**THE INPUT:**
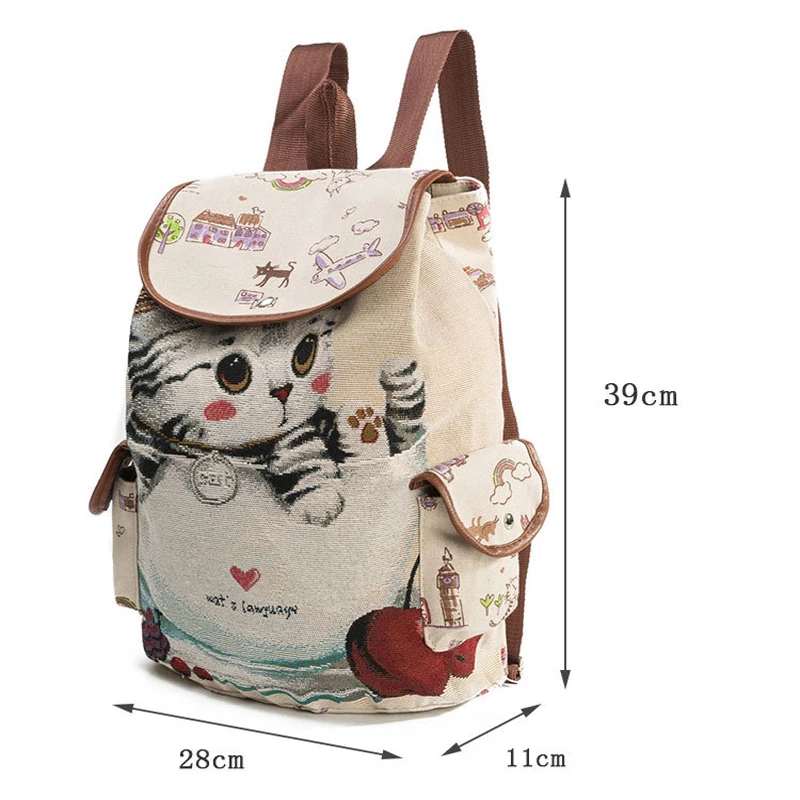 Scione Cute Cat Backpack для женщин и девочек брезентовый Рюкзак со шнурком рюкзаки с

* * *

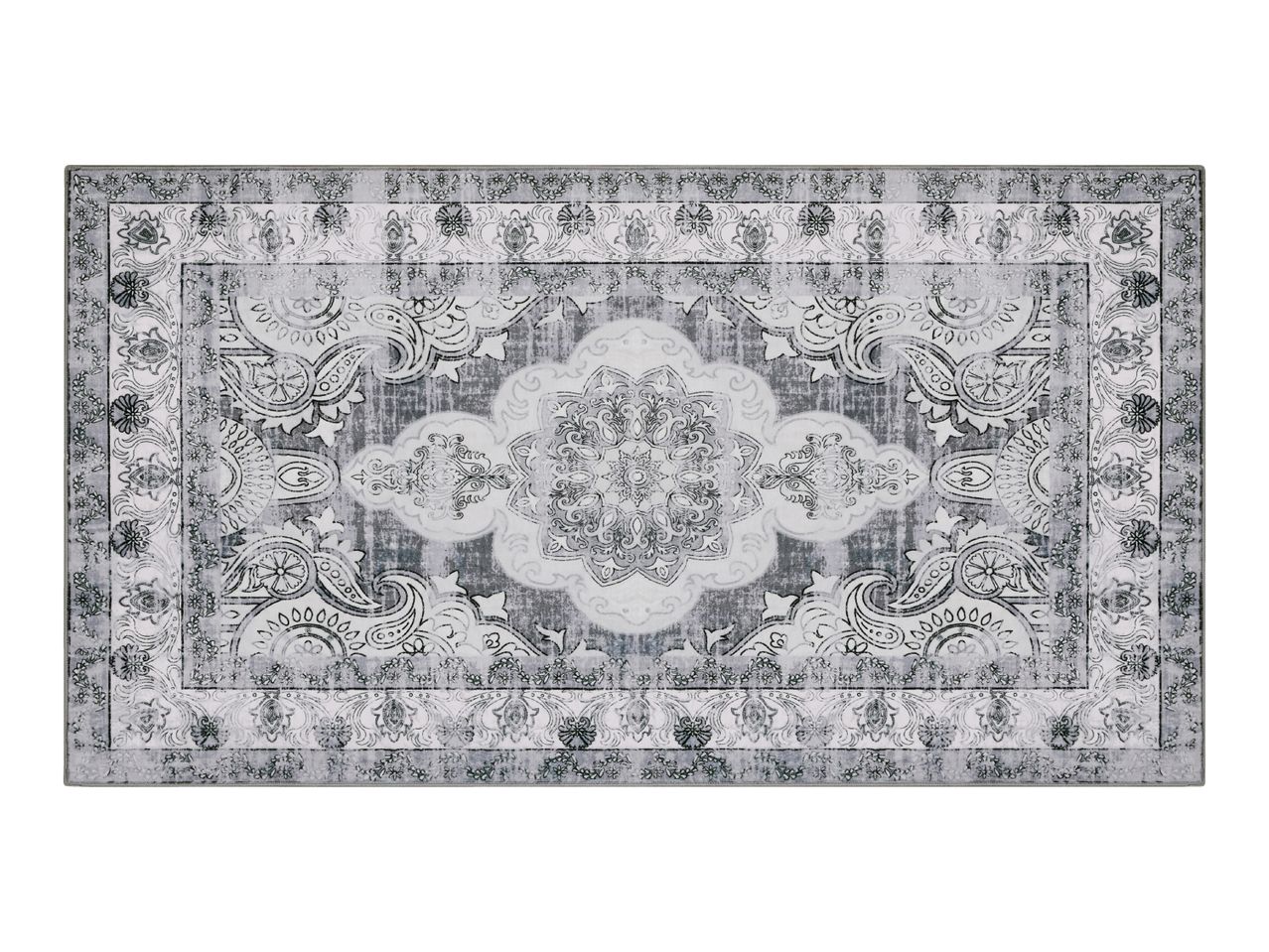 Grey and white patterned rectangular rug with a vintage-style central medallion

---

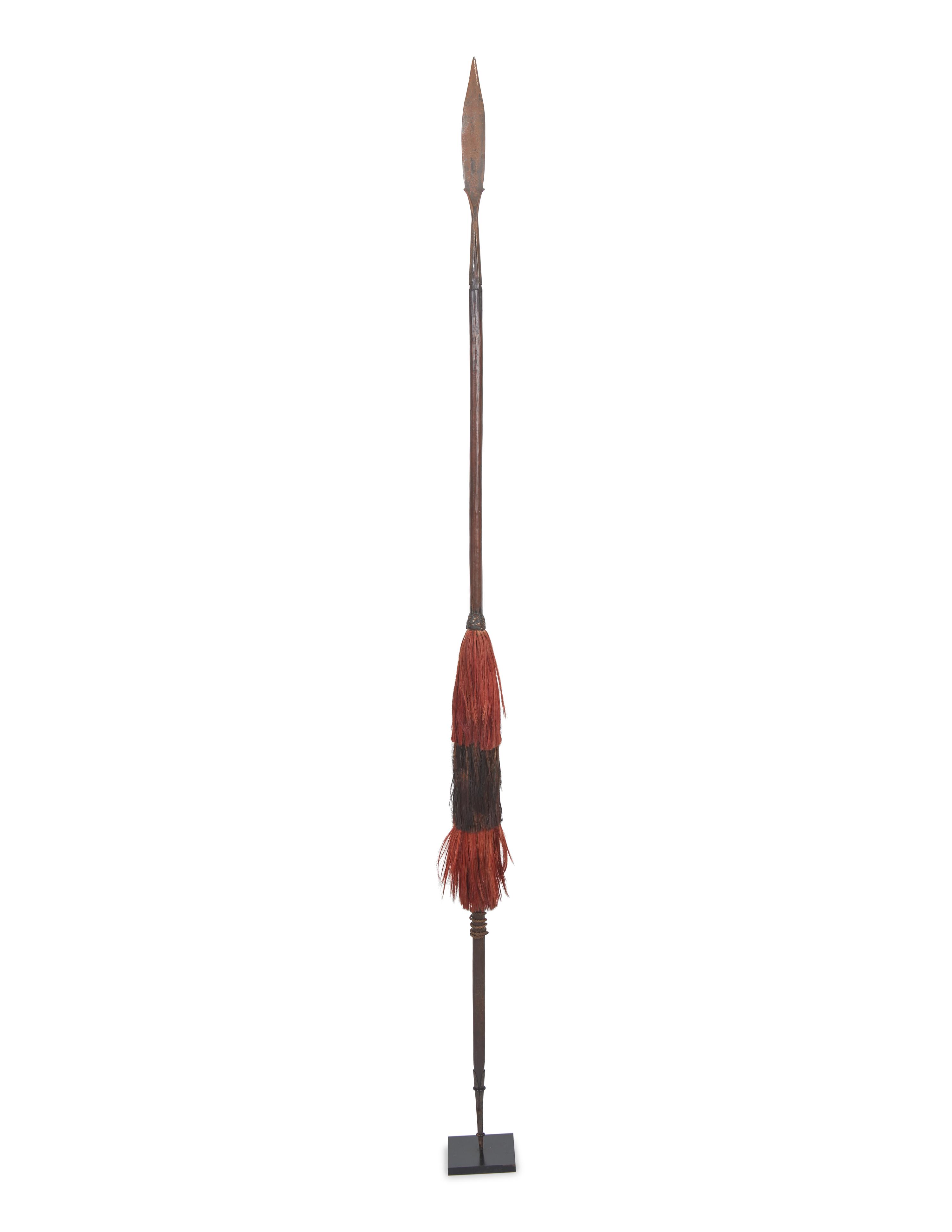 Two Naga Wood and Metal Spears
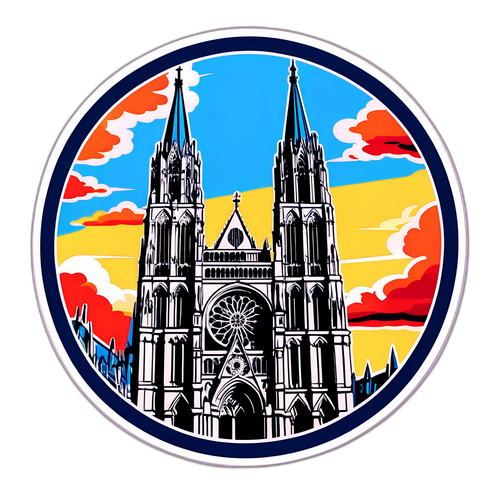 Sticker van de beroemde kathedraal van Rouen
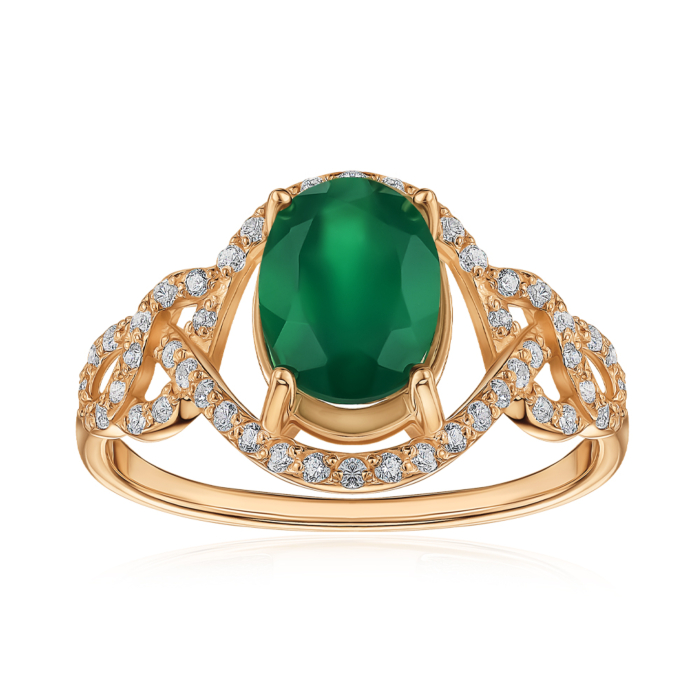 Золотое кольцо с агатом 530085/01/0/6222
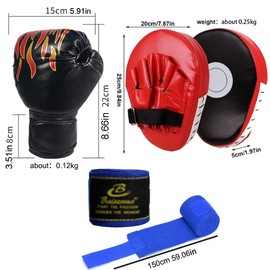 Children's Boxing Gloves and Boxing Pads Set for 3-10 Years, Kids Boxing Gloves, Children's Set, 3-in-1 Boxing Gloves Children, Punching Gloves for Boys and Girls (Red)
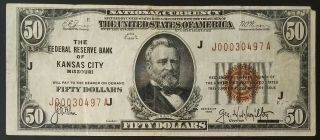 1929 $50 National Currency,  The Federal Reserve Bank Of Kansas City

**WHAT TO WORK ON:**
Without the pictures, give again exactly the lines above starting at the line containing "Children's Boxing Gloves" and ending at the line containing "1929 $50 National".

**SOLUTION TO THE EXERCISE:**
 Children's Boxing Gloves and Boxing Pads Set for 3-10 Years, Kids Boxing Gloves, Children's Set, 3-in-1 Boxing Gloves Children, Punching Gloves for Boys and Girls (Red)
 1929 $50 National Currency,  The Federal Reserve Bank Of Kansas City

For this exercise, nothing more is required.